PFKP inhibition protects against pathological cardiac hypertrophy by regulating protein synthesis 抑制 PFKP 可通过调节蛋白质合成防止病理性心肌肥厚

IF 4.2 2区生物学 Q2 BIOCHEMISTRY & MOLECULAR BIOLOGY

Biochimica et biophysica acta. Molecular basis of disease

Pub Date : 2024-10-15 DOI: 10.1016/j.bbadis.2024.167542

Metabolic reprogramming precedes most alterations during pathological cardiac hypertrophy and heart failure (HF). Recent studies have revealed that Phosphofructokinase, platelet (PFKP) has a wealth of metabolic and non-metabolic functions. In this study, we explored the role of PFKP in cardiac hypertrophic growth and HF. The expression level of PFKP was elevated both in pathological cardiac remodeling mouse model challenged by transverse aortic constriction (TAC) surgery and in the neonatal rat cardiomyocytes (NRCMs) stimulated by phenylephrine (PE). In global PFKP knockout (PFKP-KO) mice, cardiac hypertrophy was ameliorated under TAC surgery, while overexpression of PFKP by intravenous injection of adeno-associated virus 9 (AAV9) under the cardiac troponin T (cTnT) promoter worsened myocardial hypertrophy and fibrosis. In NRCMs, small interfering RNA (SiRNA) knockdown or adenovirus (Adv) overexpression of PFKP was employed and the intervention of PFKP showed a similar phenotype. Mechanistically, immunoprecipitation combined with liquid chromatography-tandem mass spectrometry (IP-MS/MS) analysis was used to identify the interacting proteins of PFKP. Eukaryotic translation initiation factor 2 subunit beta (EIF2S2) was identified as the downstream target of PFKP. In the PE-stimulated NRCM hypertrophy model and mouse TAC model, knocking down EIF2S2 after PFKP overexpression reduced the synthesis of new proteins and alleviated the hypertrophy phenotype. Our findings illuminate that PFKP participates in pathological cardiac hypertrophy partly by regulating protein synthesis through EIF2S2, which provides a new clue for the involvement of metabolic intermediates in signal transduction.

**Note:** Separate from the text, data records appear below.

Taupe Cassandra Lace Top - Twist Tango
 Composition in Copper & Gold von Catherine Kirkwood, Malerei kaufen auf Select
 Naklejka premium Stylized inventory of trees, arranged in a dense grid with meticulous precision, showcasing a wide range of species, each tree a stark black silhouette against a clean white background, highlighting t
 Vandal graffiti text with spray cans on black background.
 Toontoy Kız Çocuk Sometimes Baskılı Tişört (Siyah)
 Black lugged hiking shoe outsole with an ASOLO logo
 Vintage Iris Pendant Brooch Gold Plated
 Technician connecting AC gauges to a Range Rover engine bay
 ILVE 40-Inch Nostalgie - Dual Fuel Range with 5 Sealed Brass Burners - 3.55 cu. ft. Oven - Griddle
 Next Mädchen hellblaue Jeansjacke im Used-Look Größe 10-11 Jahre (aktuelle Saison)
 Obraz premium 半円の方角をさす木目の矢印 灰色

在病理性心肌肥厚和心力衰竭（HF）过程中，代谢重编程先于大多数改变。最近的研究发现，血小板磷酸果激酶（PFKP）具有丰富的代谢和非代谢功能。在本研究中，我们探讨了 PFKP 在心脏肥大生长和 HF 中的作用。在横主动脉缩窄（TAC）手术挑战的病理性心脏重塑小鼠模型和苯肾上腺素（PE）刺激的新生大鼠心肌细胞（NRCMs）中，PFKP的表达水平均升高。在全基因 PFKP 敲除（PFKP-KO）小鼠中，TAC 手术可改善心肌肥厚，而通过静脉注射腺相关病毒 9（AAV9）在心肌肌钙蛋白 T（cTnT）启动子下过表达 PFKP 则会加重心肌肥厚和纤维化。在 NRCMs 中，采用小干扰 RNA（SiRNA）敲除或腺病毒（Adv）过表达 PFKP，对 PFKP 的干预显示出相似的表型。从机理上讲，免疫沉淀结合液相色谱-串联质谱（IP-MS/MS）分析被用来鉴定与PFKP相互作用的蛋白。真核翻译起始因子 2 亚基 beta（EIF2S2）被确定为 PFKP 的下游靶标。在 PE 刺激的 NRCM 肥大模型和小鼠 TAC 模型中，过表达 PFKP 后敲除 EIF2S2 可减少新蛋白质的合成并减轻肥大表型。我们的研究结果表明，PFKP 部分通过 EIF2S2 调节蛋白质合成参与病理性心肌肥厚，这为代谢中间产物参与信号转导提供了新的线索。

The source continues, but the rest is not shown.